Monday, February 28, 2011

it's been a rough day

The tough days get farther and farther apart, but sometimes I think that only makes the hard days seem harder. I look into the eyes of my sweet little grandsons and I see your face. you are missing this...they are missing meeting you and it sucks! I heard today that Flogging Molly is having a show this summer and I thought "Damn me, you, and Sean should totally go to that show!!!"...My Chemical Romance is gonna be here in may and you should be going with Sean for his birthday...and the fact that you are not here sucks too!! Today every song reminded me of you, I heard your laughfter in the wind and I saw your face in every crowd. I miss you punk.......

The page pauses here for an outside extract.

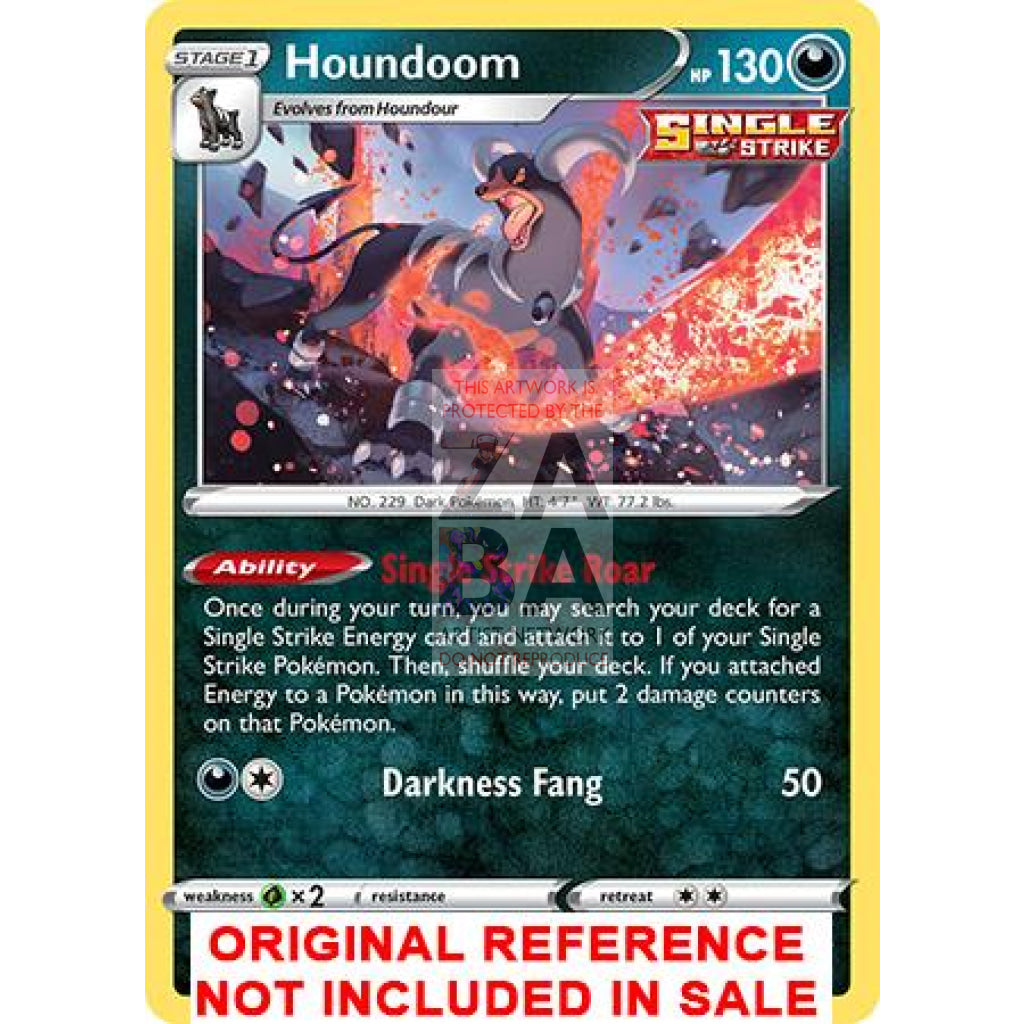 Houndoom 096/163 Battle Styles Extended Art Custom Pokemon Card - ZabaTV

Tuesday, February 22, 2011

The beauty within..

With all the stress and frustration I have been feeling as of late I made the decision to take a moment this morning and do some meditation and spiritual reading. There are certain authors I tend to turn to when I need a boost. For example when I am feeling self centered I try to read His Holiness the Dalai Lama, when I am feeling a lack of confidence its Maya Angelou that gets me through. Today it was Silver Ravenwolf. She writes about finding the beauty and peace within yourself, and  says that sometimes closing yourself to the outside world is just the medicine you need to recharge.
 Being a photographer it is easy for me to see the beauty that surrounds me, no matter where I happen to be. For me if the surroundings are lovely and peaceful than I reflect that feeling. So it stands to reason that if I find the peace and comfort within myself that I need to feel okay today than I will manifest that outwardly and be at peace and stress free. Just a thought....


Monday, February 21, 2011

Legends, Veterans and Rookies oh my

For several years now the legends and Veterans of the wrestling business in Texas have gotten together at the Texas Shoot out.
This year Deshawn and I had the awesome pleasure of being able to attend.
 The event was held in Ft. Worth and as soon as we walked in we were both dumbfounded. It was a truly amazing thing to see! That many people in the same room that gave so much of themselves to wrestling entertainment wa inspiring to say the least.Many of the Veterans spoke about the brotherhood of wrestlers and how much the business has changed. Deshawn got to meet people that changed the face of wrestling like Jake the snake Roberts, and like Iceman King Parsons who was the first African- American man to hold a world championship title. There were promoters there as well , of course Richard "Lvis" and Tammy were there as well as Killer Tim Brooks and  Cowboy Johnny Mantell who is actually the one who put the shoot out together with his fantastic wife Kay. I was so proud of my husband who worked the room like a true professional. He talked little and listened a lot. It was a great afternoon, and even though times are tough for my little family having a day like that was a pretty awesome shinning moment I know my husband will never forget.



Friday, February 18, 2011

feeling the pressure

Wow I am really feeling the pressure of life right now. School has become extremely challenging for me, which I guess is a good thing but it is wearing on my brain!
 My health is taking a  lot out of me as well. While somethings have greatly improved like all my "female" issue, I am finding new ailments creeping up that are both scary and frustrating. After the surgery I developed a blood clot in my right lung, which has now multiplied in to two blood clots. I have been on blood thinners since January with no change in my blood levels. If that was not enough of a pain in my behind I now have walking pneumonia.
It seems that the universe is trying to teach me a lesson here and for what ever reason I am just not getting it. Maybe it is to learn to take care of myself first and stop being such a people pleaser, maybe it is to show me that if you just slow down life wont seem to be passing you by, or maybe its just that I am destined to be a sickly person...I have no clue apparently!
I try to think of things that I am grateful for, and there is a lot in my life today. Like the fact that I get to wake up to two beautiful little smiles every morning, I have the most patient understanding partner in the world, my kid is healthy and safe. Really I have a good life, it just is very full and at times very overwhelming.
Sometimes I get caught up in the thought that this aggravation I am experiencing is just my karma for being such a horrible teenager, then I think...aren't I paid up already? I mean seriously I wasn't THAT bad!
 I try not to get into that "poor pitiful me" way of thinking but at times that is very hard to do. Some days I just want it to be about me. I want people to tell me what a strong person I am and that I can do this, but lately I have felt like everyone else's cheerleader and I am without any cheering! I often tell clients that the only person who can make you happy is you...today that feels like a lot of pressure!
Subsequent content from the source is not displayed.